* [EXCERPTED RECORDS]
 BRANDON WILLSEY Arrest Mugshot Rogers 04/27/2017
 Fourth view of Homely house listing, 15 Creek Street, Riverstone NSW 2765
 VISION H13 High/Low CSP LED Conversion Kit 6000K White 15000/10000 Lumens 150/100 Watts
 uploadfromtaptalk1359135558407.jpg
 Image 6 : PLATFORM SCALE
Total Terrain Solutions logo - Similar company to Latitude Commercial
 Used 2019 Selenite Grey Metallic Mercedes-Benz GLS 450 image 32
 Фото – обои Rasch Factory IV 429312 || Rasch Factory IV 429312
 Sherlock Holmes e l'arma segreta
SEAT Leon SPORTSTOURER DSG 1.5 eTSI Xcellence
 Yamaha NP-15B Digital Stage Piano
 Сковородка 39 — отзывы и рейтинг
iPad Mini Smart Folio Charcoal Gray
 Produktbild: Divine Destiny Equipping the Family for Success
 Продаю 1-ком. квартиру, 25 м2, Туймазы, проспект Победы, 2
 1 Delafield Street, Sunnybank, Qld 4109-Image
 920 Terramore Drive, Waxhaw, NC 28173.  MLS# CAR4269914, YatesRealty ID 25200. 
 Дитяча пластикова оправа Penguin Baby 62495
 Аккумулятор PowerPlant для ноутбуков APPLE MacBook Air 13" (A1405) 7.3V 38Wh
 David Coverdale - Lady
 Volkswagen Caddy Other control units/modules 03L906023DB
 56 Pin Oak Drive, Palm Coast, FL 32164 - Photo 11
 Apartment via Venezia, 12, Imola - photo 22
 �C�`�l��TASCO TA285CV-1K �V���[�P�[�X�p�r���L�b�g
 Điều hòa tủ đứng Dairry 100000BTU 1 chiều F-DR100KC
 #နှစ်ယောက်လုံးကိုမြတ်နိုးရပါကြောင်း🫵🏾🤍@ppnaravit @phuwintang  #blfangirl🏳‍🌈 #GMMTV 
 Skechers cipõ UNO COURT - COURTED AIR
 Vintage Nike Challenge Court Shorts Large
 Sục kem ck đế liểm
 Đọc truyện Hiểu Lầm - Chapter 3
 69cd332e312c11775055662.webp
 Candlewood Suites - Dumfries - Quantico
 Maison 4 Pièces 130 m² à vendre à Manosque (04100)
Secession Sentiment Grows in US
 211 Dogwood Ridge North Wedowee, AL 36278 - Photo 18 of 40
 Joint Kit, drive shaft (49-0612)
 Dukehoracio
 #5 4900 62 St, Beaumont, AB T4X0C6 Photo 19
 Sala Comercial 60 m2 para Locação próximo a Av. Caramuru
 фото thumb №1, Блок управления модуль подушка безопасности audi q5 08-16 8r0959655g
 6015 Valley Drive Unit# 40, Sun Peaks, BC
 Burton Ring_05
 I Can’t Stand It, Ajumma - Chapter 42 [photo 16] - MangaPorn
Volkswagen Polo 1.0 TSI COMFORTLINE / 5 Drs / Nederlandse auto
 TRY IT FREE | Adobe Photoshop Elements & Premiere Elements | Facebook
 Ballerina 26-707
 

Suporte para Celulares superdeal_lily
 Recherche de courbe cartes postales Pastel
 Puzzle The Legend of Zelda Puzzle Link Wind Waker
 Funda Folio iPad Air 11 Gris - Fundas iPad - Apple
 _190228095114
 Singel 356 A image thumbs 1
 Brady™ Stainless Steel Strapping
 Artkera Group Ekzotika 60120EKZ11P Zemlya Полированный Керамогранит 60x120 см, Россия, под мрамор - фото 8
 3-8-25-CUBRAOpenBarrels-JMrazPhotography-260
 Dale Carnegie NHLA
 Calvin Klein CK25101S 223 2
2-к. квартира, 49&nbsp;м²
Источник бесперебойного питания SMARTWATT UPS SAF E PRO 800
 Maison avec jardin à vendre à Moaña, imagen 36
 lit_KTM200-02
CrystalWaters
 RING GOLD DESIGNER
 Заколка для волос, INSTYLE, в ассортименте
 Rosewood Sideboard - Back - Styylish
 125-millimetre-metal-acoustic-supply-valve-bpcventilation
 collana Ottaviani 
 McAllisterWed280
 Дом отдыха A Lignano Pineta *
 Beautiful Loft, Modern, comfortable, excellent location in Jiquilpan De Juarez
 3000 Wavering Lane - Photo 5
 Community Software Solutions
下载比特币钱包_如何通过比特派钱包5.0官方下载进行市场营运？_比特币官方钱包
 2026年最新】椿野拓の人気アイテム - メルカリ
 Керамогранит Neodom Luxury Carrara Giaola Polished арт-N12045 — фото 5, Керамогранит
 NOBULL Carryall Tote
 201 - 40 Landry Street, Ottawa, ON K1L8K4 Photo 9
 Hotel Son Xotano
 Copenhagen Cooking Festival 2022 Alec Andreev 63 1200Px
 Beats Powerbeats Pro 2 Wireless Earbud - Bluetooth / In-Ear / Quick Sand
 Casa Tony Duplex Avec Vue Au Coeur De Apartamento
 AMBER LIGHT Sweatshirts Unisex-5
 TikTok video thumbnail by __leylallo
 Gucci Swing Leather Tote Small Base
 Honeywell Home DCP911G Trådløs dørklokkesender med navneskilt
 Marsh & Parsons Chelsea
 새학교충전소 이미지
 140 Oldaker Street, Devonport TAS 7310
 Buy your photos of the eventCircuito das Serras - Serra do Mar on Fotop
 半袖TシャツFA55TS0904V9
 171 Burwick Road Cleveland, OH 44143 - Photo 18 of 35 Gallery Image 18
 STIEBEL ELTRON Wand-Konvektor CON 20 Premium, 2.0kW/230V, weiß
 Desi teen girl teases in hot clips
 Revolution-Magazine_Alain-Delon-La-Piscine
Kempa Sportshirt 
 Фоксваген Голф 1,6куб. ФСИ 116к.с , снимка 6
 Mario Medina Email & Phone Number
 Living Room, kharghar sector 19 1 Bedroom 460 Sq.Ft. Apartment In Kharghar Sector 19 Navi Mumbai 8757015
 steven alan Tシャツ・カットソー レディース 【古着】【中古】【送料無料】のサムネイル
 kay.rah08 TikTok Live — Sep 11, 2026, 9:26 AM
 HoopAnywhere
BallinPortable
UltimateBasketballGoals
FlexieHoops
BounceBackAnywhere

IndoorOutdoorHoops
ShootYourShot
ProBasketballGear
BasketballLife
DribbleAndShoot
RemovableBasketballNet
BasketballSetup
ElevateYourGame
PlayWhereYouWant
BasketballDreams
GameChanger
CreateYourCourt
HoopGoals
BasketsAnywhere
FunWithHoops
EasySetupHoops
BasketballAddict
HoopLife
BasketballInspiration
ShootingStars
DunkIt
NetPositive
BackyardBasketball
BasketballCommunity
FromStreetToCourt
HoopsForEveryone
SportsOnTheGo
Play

* [PROBLEM DETAILS] All records above are to be output again exactly as they stand.

* [OUTPUT OF THE TASK]
 BRANDON WILLSEY Arrest Mugshot Rogers 04/27/2017
 Fourth view of Homely house listing, 15 Creek Street, Riverstone NSW 2765
 VISION H13 High/Low CSP LED Conversion Kit 6000K White 15000/10000 Lumens 150/100 Watts
 uploadfromtaptalk1359135558407.jpg
 Image 6 : PLATFORM SCALE
Total Terrain Solutions logo - Similar company to Latitude Commercial
 Used 2019 Selenite Grey Metallic Mercedes-Benz GLS 450 image 32
 Фото – обои Rasch Factory IV 429312 || Rasch Factory IV 429312
 Sherlock Holmes e l'arma segreta
SEAT Leon SPORTSTOURER DSG 1.5 eTSI Xcellence
 Yamaha NP-15B Digital Stage Piano
 Сковородка 39 — отзывы и рейтинг
iPad Mini Smart Folio Charcoal Gray
 Produktbild: Divine Destiny Equipping the Family for Success
 Продаю 1-ком. квартиру, 25 м2, Туймазы, проспект Победы, 2
 1 Delafield Street, Sunnybank, Qld 4109-Image
 920 Terramore Drive, Waxhaw, NC 28173.  MLS# CAR4269914, YatesRealty ID 25200. 
 Дитяча пластикова оправа Penguin Baby 62495
 Аккумулятор PowerPlant для ноутбуков APPLE MacBook Air 13" (A1405) 7.3V 38Wh
 David Coverdale - Lady
 Volkswagen Caddy Other control units/modules 03L906023DB
 56 Pin Oak Drive, Palm Coast, FL 32164 - Photo 11
 Apartment via Venezia, 12, Imola - photo 22
 �C�`�l��TASCO TA285CV-1K �V���[�P�[�X�p�r���L�b�g
 Điều hòa tủ đứng Dairry 100000BTU 1 chiều F-DR100KC
 #နှစ်ယောက်လုံးကိုမြတ်နိုးရပါကြောင်း🫵🏾🤍@ppnaravit @phuwintang  #blfangirl🏳‍🌈 #GMMTV 
 Skechers cipõ UNO COURT - COURTED AIR
 Vintage Nike Challenge Court Shorts Large
 Sục kem ck đế liểm
 Đọc truyện Hiểu Lầm - Chapter 3
 69cd332e312c11775055662.webp
 Candlewood Suites - Dumfries - Quantico
 Maison 4 Pièces 130 m² à vendre à Manosque (04100)
Secession Sentiment Grows in US
 211 Dogwood Ridge North Wedowee, AL 36278 - Photo 18 of 40
 Joint Kit, drive shaft (49-0612)
 Dukehoracio
 #5 4900 62 St, Beaumont, AB T4X0C6 Photo 19
 Sala Comercial 60 m2 para Locação próximo a Av. Caramuru
 фото thumb №1, Блок управления модуль подушка безопасности audi q5 08-16 8r0959655g
 6015 Valley Drive Unit# 40, Sun Peaks, BC
 Burton Ring_05
 I Can’t Stand It, Ajumma - Chapter 42 [photo 16] - MangaPorn
Volkswagen Polo 1.0 TSI COMFORTLINE / 5 Drs / Nederlandse auto
 TRY IT FREE | Adobe Photoshop Elements & Premiere Elements | Facebook
 Ballerina 26-707
 

Suporte para Celulares superdeal_lily
 Recherche de courbe cartes postales Pastel
 Puzzle The Legend of Zelda Puzzle Link Wind Waker
 Funda Folio iPad Air 11 Gris - Fundas iPad - Apple
 _190228095114
 Singel 356 A image thumbs 1
 Brady™ Stainless Steel Strapping
 Artkera Group Ekzotika 60120EKZ11P Zemlya Полированный Керамогранит 60x120 см, Россия, под мрамор - фото 8
 3-8-25-CUBRAOpenBarrels-JMrazPhotography-260
 Dale Carnegie NHLA
 Calvin Klein CK25101S 223 2
2-к. квартира, 49&nbsp;м²
Источник бесперебойного питания SMARTWATT UPS SAF E PRO 800
 Maison avec jardin à vendre à Moaña, imagen 36
 lit_KTM200-02
CrystalWaters
 RING GOLD DESIGNER
 Заколка для волос, INSTYLE, в ассортименте
 Rosewood Sideboard - Back - Styylish
 125-millimetre-metal-acoustic-supply-valve-bpcventilation
 collana Ottaviani 
 McAllisterWed280
 Дом отдыха A Lignano Pineta *
 Beautiful Loft, Modern, comfortable, excellent location in Jiquilpan De Juarez
 3000 Wavering Lane - Photo 5
 Community Software Solutions
下载比特币钱包_如何通过比特派钱包5.0官方下载进行市场营运？_比特币官方钱包
 2026年最新】椿野拓の人気アイテム - メルカリ
 Керамогранит Neodom Luxury Carrara Giaola Polished арт-N12045 — фото 5, Керамогранит
 NOBULL Carryall Tote
 201 - 40 Landry Street, Ottawa, ON K1L8K4 Photo 9
 Hotel Son Xotano
 Copenhagen Cooking Festival 2022 Alec Andreev 63 1200Px
 Beats Powerbeats Pro 2 Wireless Earbud - Bluetooth / In-Ear / Quick Sand
 Casa Tony Duplex Avec Vue Au Coeur De Apartamento
 AMBER LIGHT Sweatshirts Unisex-5
 TikTok video thumbnail by __leylallo
 Gucci Swing Leather Tote Small Base
 Honeywell Home DCP911G Trådløs dørklokkesender med navneskilt
 Marsh & Parsons Chelsea
 새학교충전소 이미지
 140 Oldaker Street, Devonport TAS 7310
 Buy your photos of the eventCircuito das Serras - Serra do Mar on Fotop
 半袖TシャツFA55TS0904V9
 171 Burwick Road Cleveland, OH 44143 - Photo 18 of 35 Gallery Image 18
 STIEBEL ELTRON Wand-Konvektor CON 20 Premium, 2.0kW/230V, weiß
 Desi teen girl teases in hot clips
 Revolution-Magazine_Alain-Delon-La-Piscine
Kempa Sportshirt 
 Фоксваген Голф 1,6куб. ФСИ 116к.с , снимка 6
 Mario Medina Email & Phone Number
 Living Room, kharghar sector 19 1 Bedroom 460 Sq.Ft. Apartment In Kharghar Sector 19 Navi Mumbai 8757015
 steven alan Tシャツ・カットソー レディース 【古着】【中古】【送料無料】のサムネイル
 kay.rah08 TikTok Live — Sep 11, 2026, 9:26 AM
 HoopAnywhere
BallinPortable
UltimateBasketballGoals
FlexieHoops
BounceBackAnywhere

IndoorOutdoorHoops
ShootYourShot
ProBasketballGear
BasketballLife
DribbleAndShoot
RemovableBasketballNet
BasketballSetup
ElevateYourGame
PlayWhereYouWant
BasketballDreams
GameChanger
CreateYourCourt
HoopGoals
BasketsAnywhere
FunWithHoops
EasySetupHoops
BasketballAddict
HoopLife
BasketballInspiration
ShootingStars
DunkIt
NetPositive
BackyardBasketball
BasketballCommunity
FromStreetToCourt
HoopsForEveryone
SportsOnTheGo
Play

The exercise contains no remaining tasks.